• **RECORD SET**
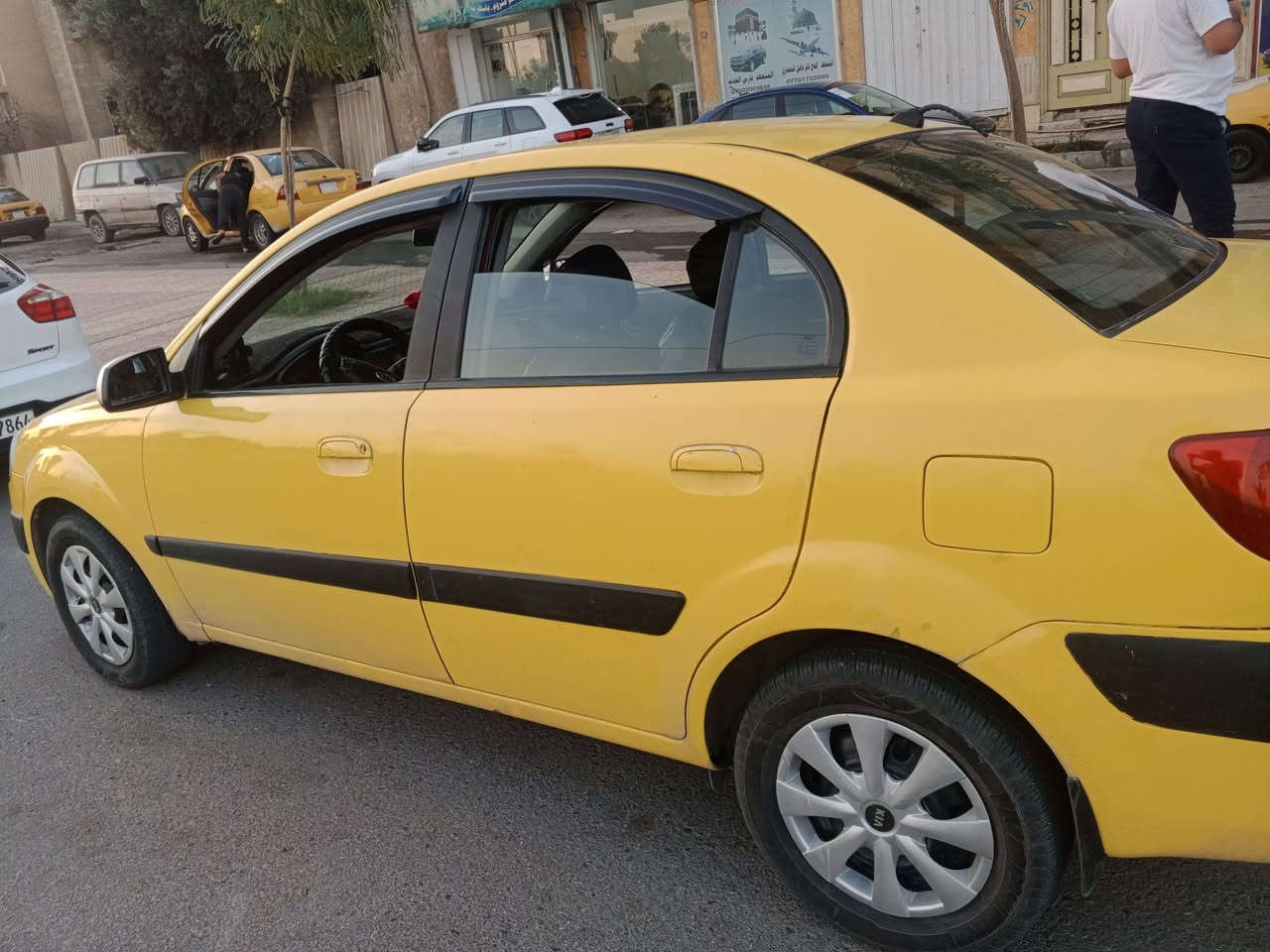 كيا ريو. موديل 2008.تحويل شرط 
تتكاتب مع الشرعي 
بيها ضربه بالجاملغات  الخلفية 
 كابون بيها.. 
محرك 16 
كير توماتيك. 
هيئة وغرامات صفر  
السعر 85 بيها مجال 
🔴مكتب #غيث. لبيع وشراء السيارات 🚘🚖

🔴يتوفر  البيع.. #بالنقد و #بالقسط ✍️🫰
🔴يتوفر لدينا. تنظيم #عقود 📋🚦
🔴بيع وشراء ومراوس السيارات🚙🚗
🔴#ملاحظة .. يرجى الاتصال بنا من الساعة ال ١٠ صباحآ.  حتى الساعة ال ١٢ ليلآ ⏱️
🔴#العنوان .. #الموصل  الجانب الأيمن 🔴سايدين ربيعة الرئيسي قرب نفق الصحة. 🔴مقابل مقبرة الإصلاح الزراعي. 
🔴للاستفسار اكثر أتصل.  على.  

📞***********
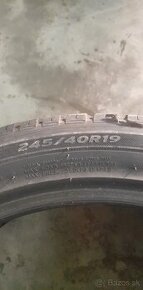 245/40 R19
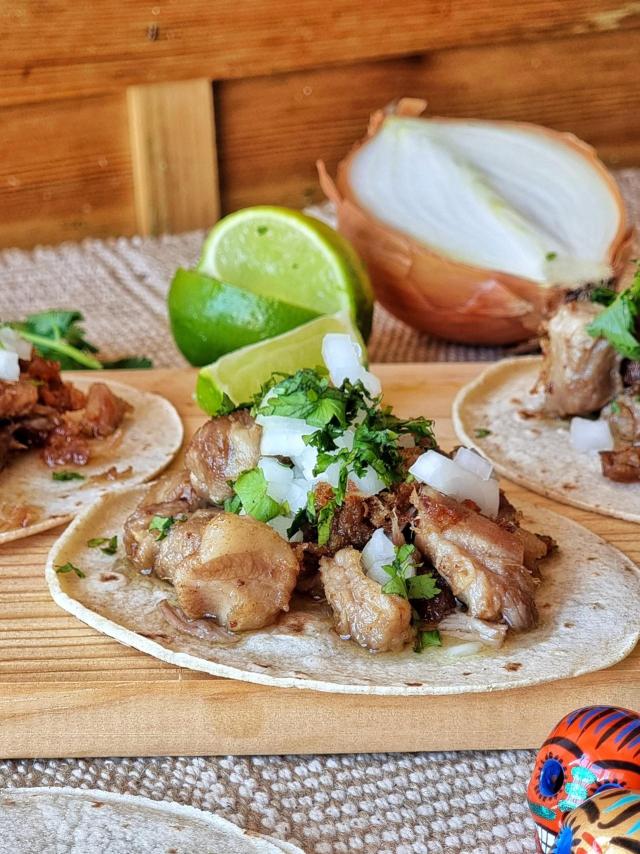 Tacos De Carnitas De Cerdo Una De Las Recetas Más Populares En México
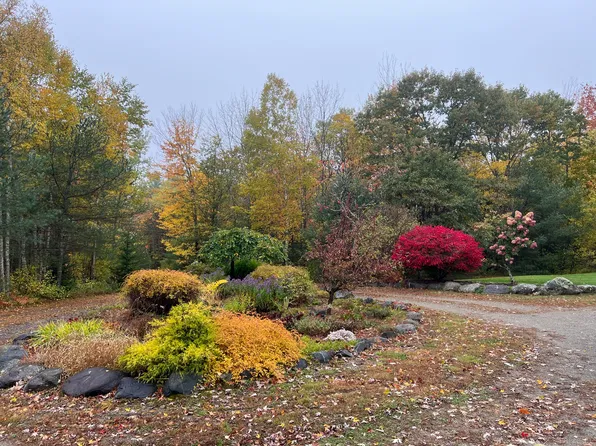 2 Blueberry Lane, Belfast, ME 04915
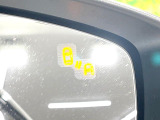 【ブラインドスポットモニタリング】走行中、ドアミラーの死角になりやすい箇所に後続車が接近するとサイドミラー付近に警告を表示、ドライバーに注意喚起をしてくれます。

• **TASK DIRECTIONS**
All lines carrying the word "يتوفر" must be copied from the data above.

• **RESPONSE TO THE EXERCISE**
🔴يتوفر  البيع.. #بالنقد و #بالقسط ✍️🫰
🔴يتوفر لدينا. تنظيم #عقود 📋🚦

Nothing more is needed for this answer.